───── DATASET CONTENT
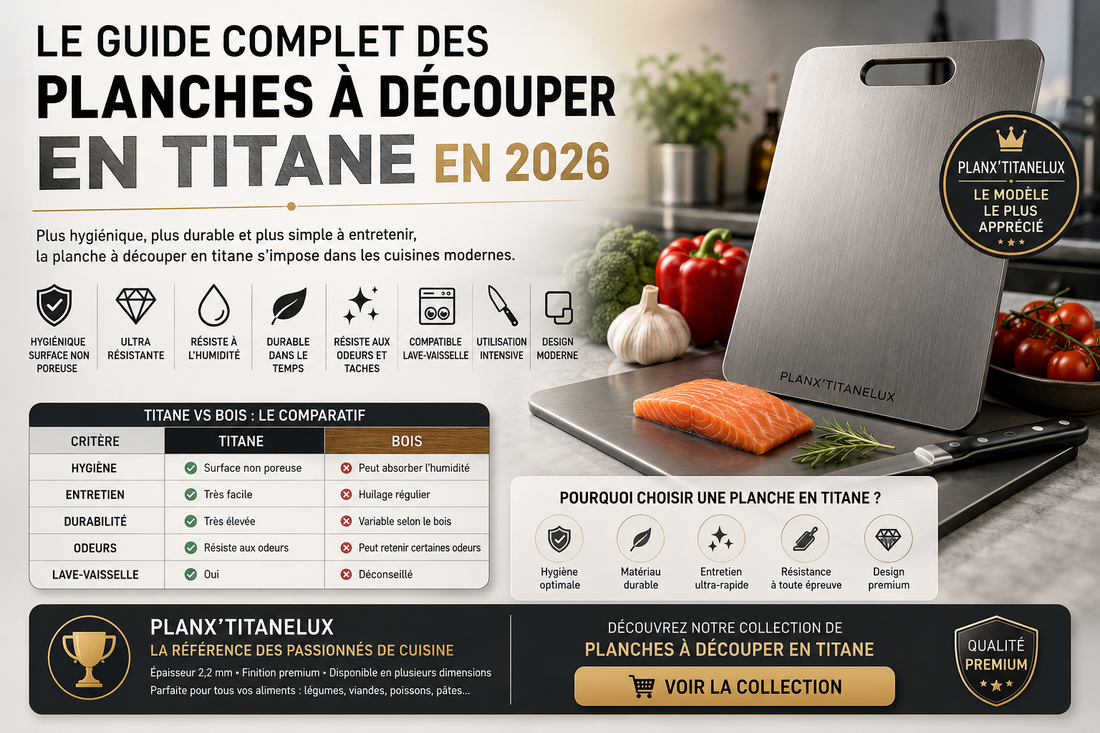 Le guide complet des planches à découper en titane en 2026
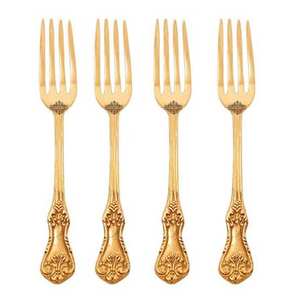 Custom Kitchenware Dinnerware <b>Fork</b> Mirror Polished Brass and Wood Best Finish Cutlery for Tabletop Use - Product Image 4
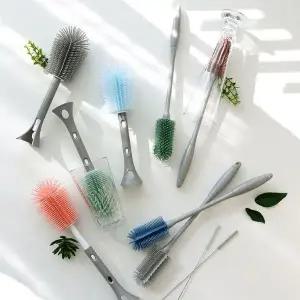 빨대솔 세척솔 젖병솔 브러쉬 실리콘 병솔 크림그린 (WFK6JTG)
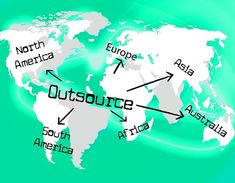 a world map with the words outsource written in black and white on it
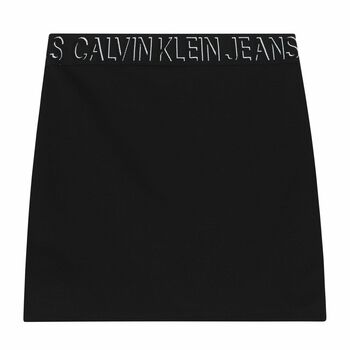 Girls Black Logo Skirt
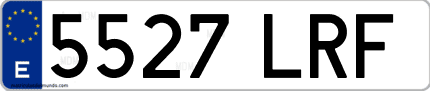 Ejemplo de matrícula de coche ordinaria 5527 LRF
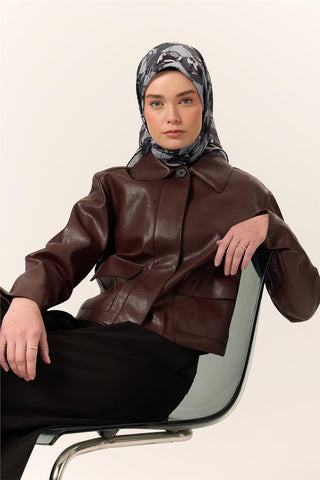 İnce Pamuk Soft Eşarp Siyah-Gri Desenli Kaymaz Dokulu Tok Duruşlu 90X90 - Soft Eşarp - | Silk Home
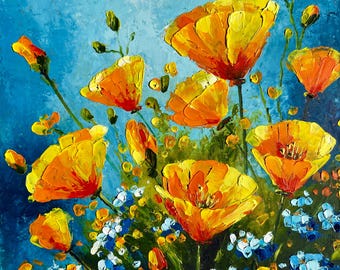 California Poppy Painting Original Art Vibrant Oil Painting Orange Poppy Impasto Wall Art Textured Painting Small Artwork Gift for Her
──────────
◆ REQUIRED ACTION ◆
An exact transcription is needed, covering the line with "Ejemplo de matrícula" and every line after it to the end of the entries, but not the pictures.

◆ REPLY ◆
 Ejemplo de matrícula de coche ordinaria 5527 LRF
 İnce Pamuk Soft Eşarp Siyah-Gri Desenli Kaymaz Dokulu Tok Duruşlu 90X90 - Soft Eşarp - | Silk Home
 California Poppy Painting Original Art Vibrant Oil Painting Orange Poppy Impasto Wall Art Textured Painting Small Artwork Gift for Her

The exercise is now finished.